Friday, February 20, 2009

Do We All Think We Discovered Dennis Lehane?

I can't believe that it's been ten years since Dennis Lehane agreed to speak at the first annual Lee County Reading Festival. Lesa, Maryellen and I were so thrilled. My sister flew in from Massachusetts just so she could ask a snarky question about Whitey Bulger. (you have to be from Southie to get that) I saved the letter from him for years and may still have it in a folder somewhere in my desk.


When I began reading the Patrick Kenzie/Angela Gennaro series that starts with A Drink Before the War, I was a total mystery/cop/thriller reader. I still love those books but have broadened my world considerably.
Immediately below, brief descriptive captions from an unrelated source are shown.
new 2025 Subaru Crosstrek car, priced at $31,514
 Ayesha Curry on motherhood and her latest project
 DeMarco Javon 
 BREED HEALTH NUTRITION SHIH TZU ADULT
I can't tell you how impressed I was with Lehane's writing style, his depth of characterization, his politics that I thought shined through loud and clear. ( is it shines or shone?) It boggled my mind that someone so young, it seemed like he was barely out of college, could have developed such a deep appreciation of nuance, the complications of relationships, and the pain of injustice. Yes, they were mysteries but they were so much more. Think of Richard Price or another one of my favorites George Pelecanos. I recommended - still do - Lehane to every customer who walked in the door and many have come back to thank me.


All that is to say that I just finished The Given Day, Dennis's first historical novel which is garnering praise all across the board and is showing up on "must read" lists all over the professional journals. It definitely lived up to the hype and I can't wait to meet him again at our tenth annual Southwest Florida Reading Festival next month. This book is both nothing like his others and just like his others. It screams to be a movie. Look what Eastwood did with Mystic River.
This novel is first and foremost a sprawling historical centered around the Boston police strike, the result of a first attempt at unionizing a so-called service organization in America. It pits a family against each other in that Danny, a union activist, a free thinker, and perhaps I would call him the new 20th century man, is surrounded by old world thinking in the person of his dad, a tow the mark Irish Catholic police captain and a brother who's a district attorney.
Then there's the romance/class struggle angle in that Danny is in love with Nora, a young Irishwoman of unknown origin who was found by Capt. Coughlin, starving and beaten, and taken in by the family in a conflicting role as part maid, part family. To complicate matters she eventually becomes engaged to Danny's brother.

A parallel story involves a small time criminal, Luther Laurence, who gets in over his head with a dangerous crowd and flees a murder in Oklahoma for Boston where a young black man can find work and hide from a dubious past. He leaves behind a pregnant wife whose love could be his road to salvation if he can only bring himself to see it. Luther's and Danny's lives intersect in such a way that each is able to learn from the other and become better men because of their relationship.

There's so much going on in this book that it can seem overwhelming. Post Civil War racial inequality, the formation of the NAACP, the infuenza epidemic that knew no class or color lines, the post WW I distrust of the labor movement, the graft and corruption of the state and local governments are all there as seen through Danny's and Luther's eyes. I've read some criticism that the characters' motivations and depth weren't explored enough and that perhaps Mr. Lehane tried to put too much into The Given Day and I might even agree. The thing is, I don't care. How long has it been since you had a big, lusty 700 page book that you didn't want to put down? Yeah, I thought so.

1 comment:

Anonymous said...

You mean we didn't?? I am so excited that he'll be here in another month. Do you have your outfit all picked out for EWTA?